My Lords, I am grateful to noble Lords who have brought forward this group of amendments concerning safe and legal routes and humanitarian travel permits. We recognise the compassion and concern that underpin these proposals. We cannot dispute that the United Kingdom has played its part in providing refuge to those fleeing war and persecution, but it is important to remind the House that the United Kingdom has a proud record of providing such safe and legal routes, which have brought many people to safety without the need to undertake dangerous journeys or place themselves in the hands of criminal gangs.
Through the Hong Kong British national (overseas) visa route, we have offered a secure and permanent home to those with whom we share deep historical ties. More than 180,000 people from Hong Kong have already come to the United Kingdom under this route, one of the most generous immigration offers in our nation’s history. Likewise, our Ukrainian family scheme and Homes for Ukraine programme have provided sanctuary to more than 200,000 people since 2022. Those fleeing Putin’s brutal invasion have found not just safety but welcome and support in communities across our country. In addition, our resettlement programmes for those affected by the conflicts in Syria and Afghanistan remain among the largest of their kind anywhere in Europe. The UK has resettled more than 25,000 vulnerable people through the Syrian scheme and continues to support Afghans who served alongside our forces.

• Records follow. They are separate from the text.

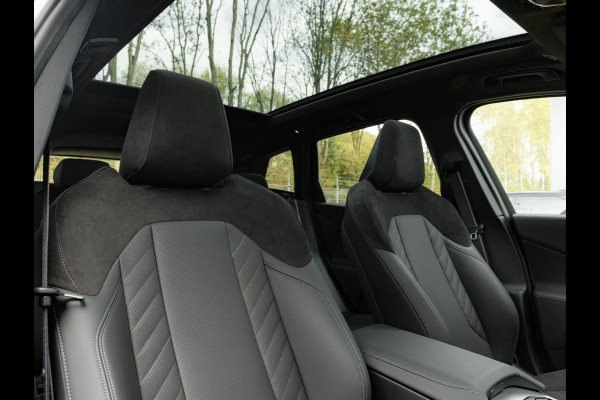 BMW X3 xDrive30e M-Sport Pro - Pano - Driving Ass Plus - Harman Kardon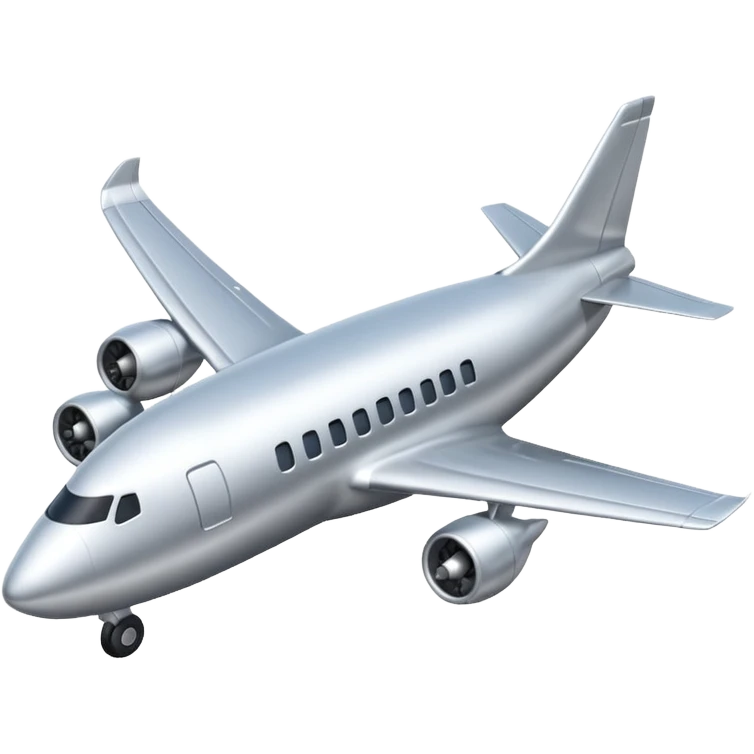 apg plane fhsb emoji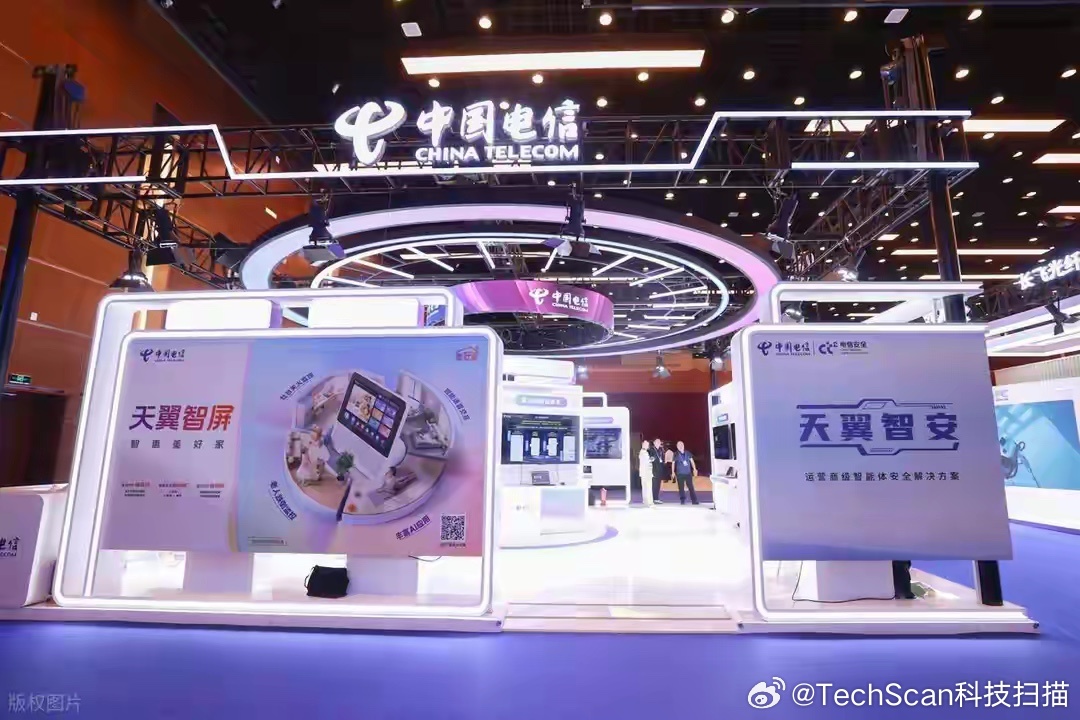 kimi刚登顶，算力就不够了！电信董事长说得对，基建必须适度超前 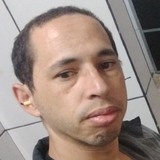 Glória from Jundiai | Man | 41 years old | Gemini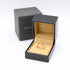 B.Zero1 Ring 18K Rose Gold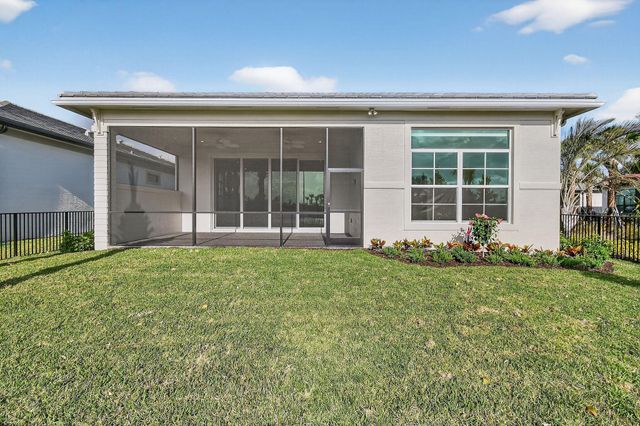 9694 Saint Germain Drive, Palm Beach Gardens, FL 33412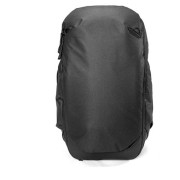 Plecak Peak Design Travel Backpack 30L czarny black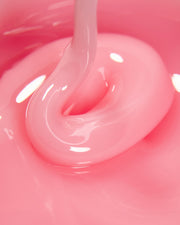 DARK Smart Builder gel 09, 30ml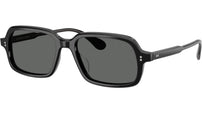 Larell OV5634SU 1826B1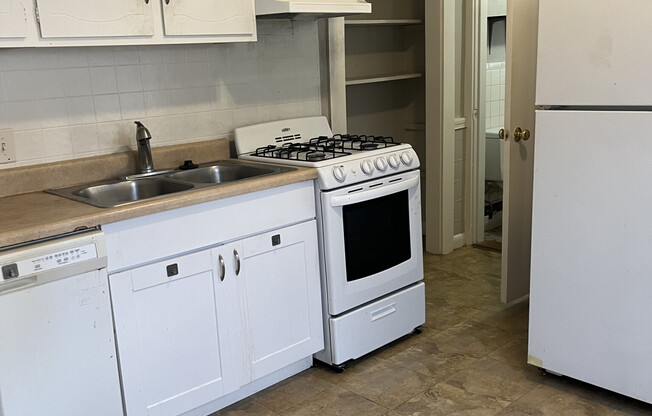 9 Elmer St Apt 3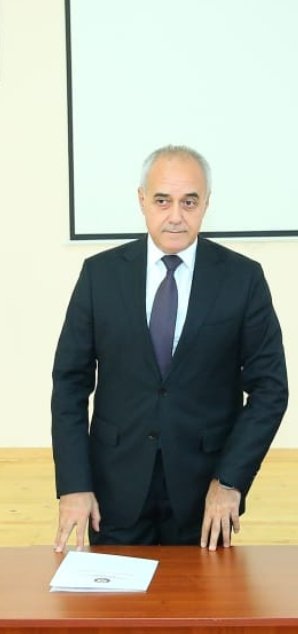 Fərdi Ağamalıyev – Biləcərinin inkişafına xidmət edən fədakar nümayəndə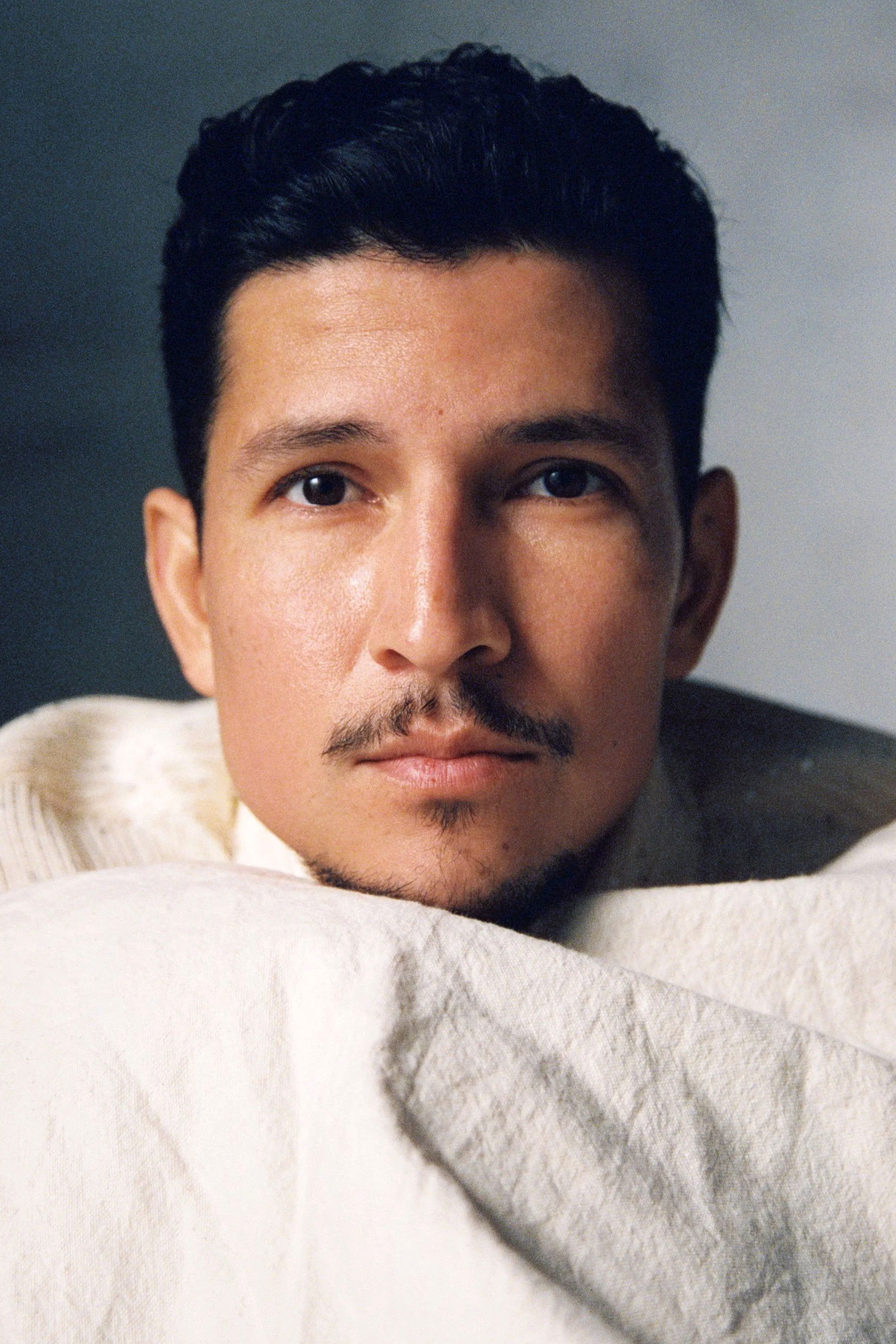 Danny Ramirez picture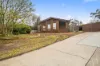 3 Levi Place, Wanniassa, ACT 2903-Image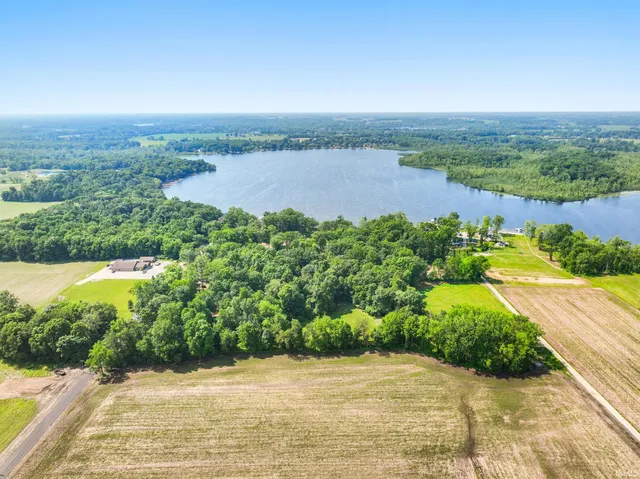 $975,000 | Tbd Lot 4 Tbd, North Webster, IN 46555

The United Kingdom has therefore demonstrated through actions, not just words, that we are willing to provide safe, legal and managed routes for those in need. What we must now avoid is creating parallel systems that risk undermining the integrity of our immigration framework or diverting resources from routes that are already working effectively. Britain has done and continues to do its part. Our focus must remain on maintaining fairness, control and compassion in our asylum system, ensuring that help is targeted where it is most needed and delivered through routes that are safe, sustainable and properly managed.